START Dataset records

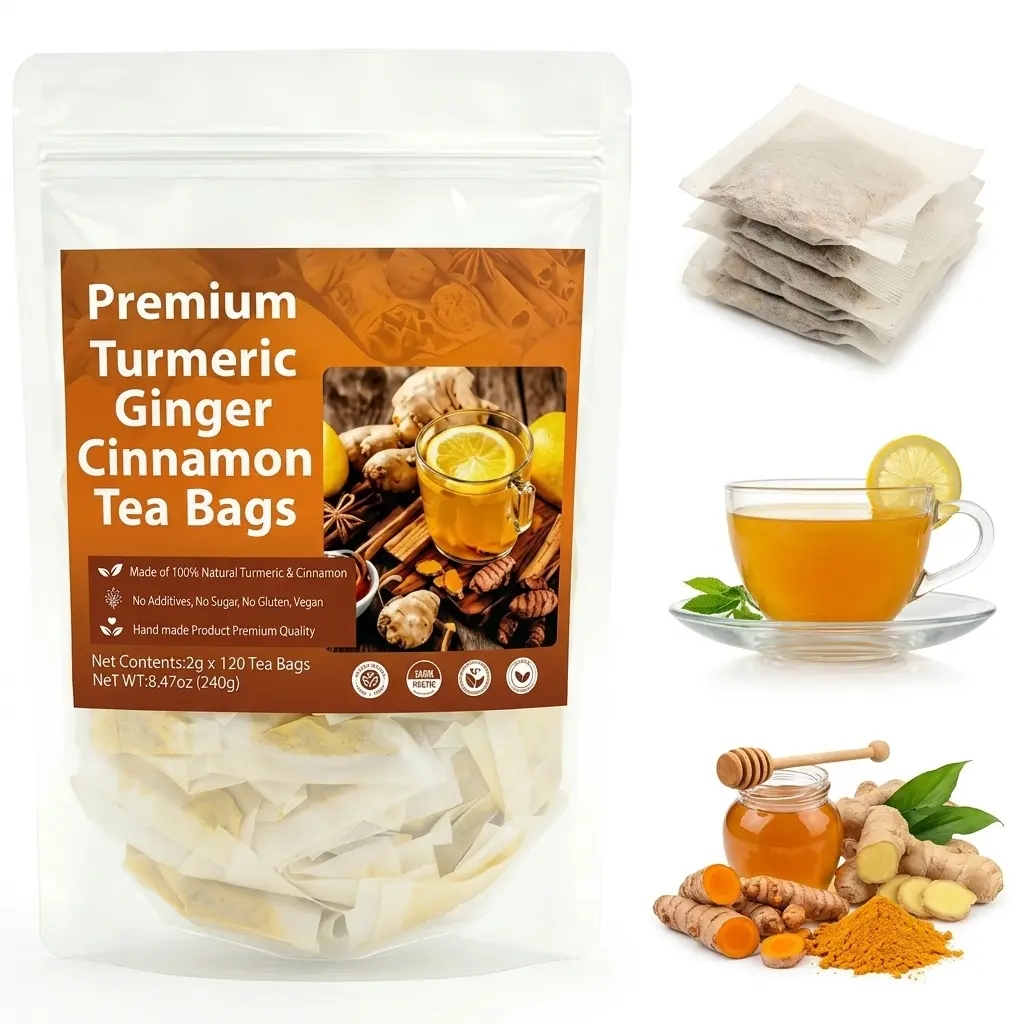 Turmeric Ginger Cinnamon Tea – Organic Herbal Wellness Blend, Antioxidant-Rich Detox Tea, Sugar-Free, Caffeine-Free, Gluten-Free, Vegan, Digestive & Immune Support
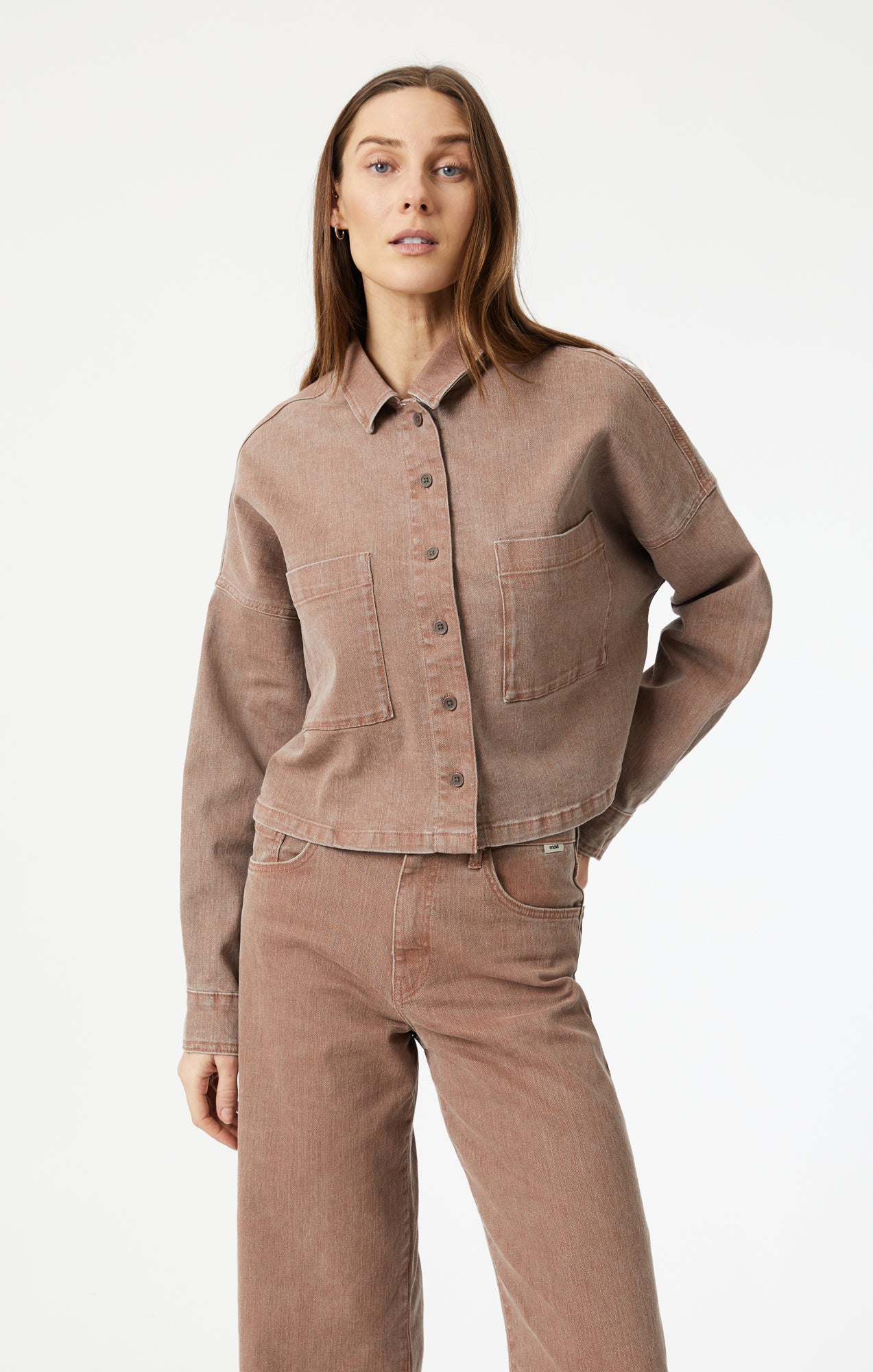 VIVI CROP LONG SLEEVE SHIRT IN ROSE NATURAL DYE - Mavi Jeans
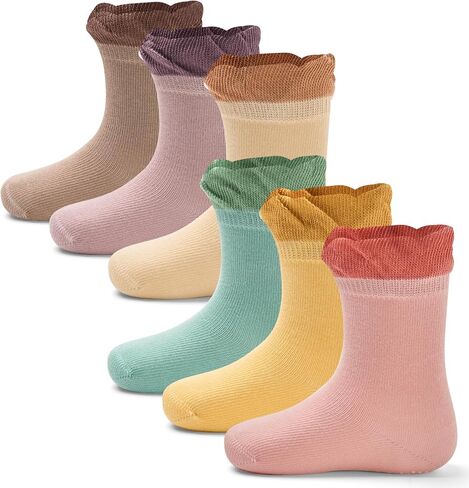 Baby Boys Socks Cotton Crew Toddler Socks with Grips Anti Skid Bottom Socks 6 Pack in Saudi Arabia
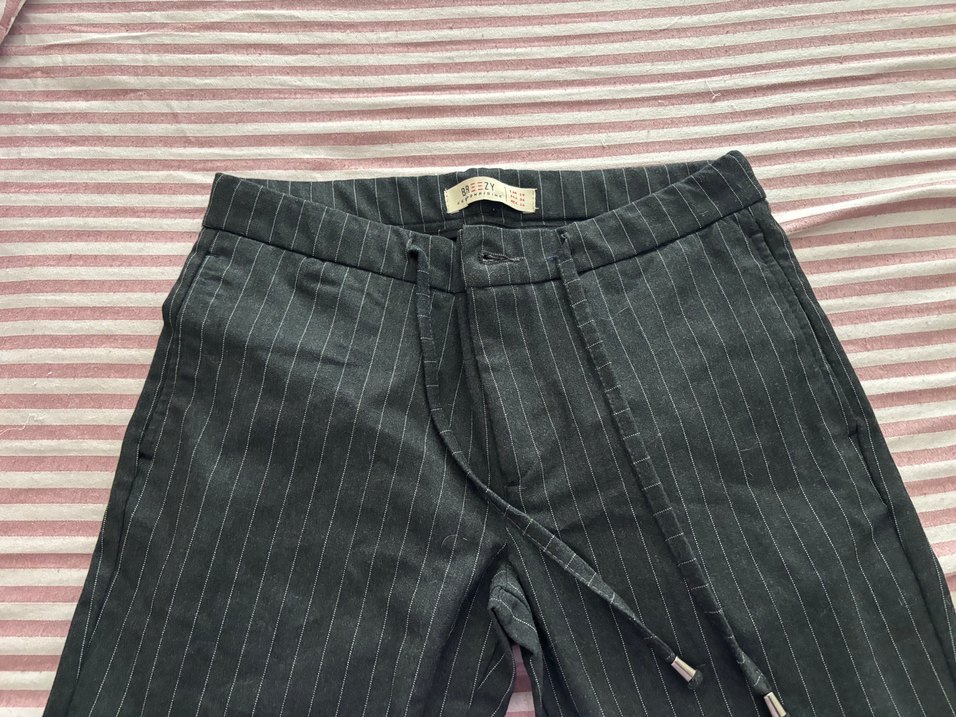 Unisex Kemerli Çizgili Kumaş Pantolon - Görsel 3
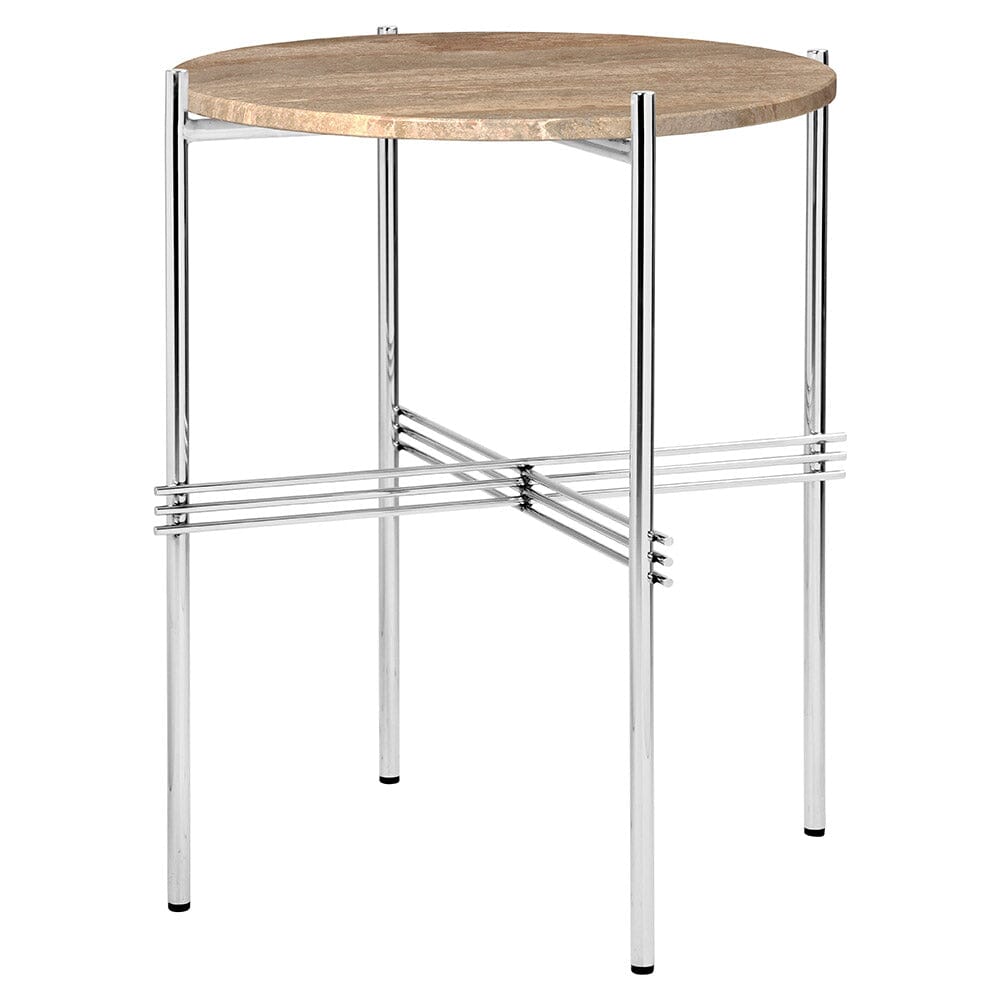 TS Side Table side table Gubi Warm Taupe Travertine Polished Steel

END Dataset records

→ **Exercise goal**:
Working from the line with "VIVI CROP LONG" down through the last line of the records, give every line again exactly, but no pictures.

→ **Expected output**:
 VIVI CROP LONG SLEEVE SHIRT IN ROSE NATURAL DYE - Mavi Jeans
 Baby Boys Socks Cotton Crew Toddler Socks with Grips Anti Skid Bottom Socks 6 Pack in Saudi Arabia
 Unisex Kemerli Çizgili Kumaş Pantolon - Görsel 3
 TS Side Table side table Gubi Warm Taupe Travertine Polished Steel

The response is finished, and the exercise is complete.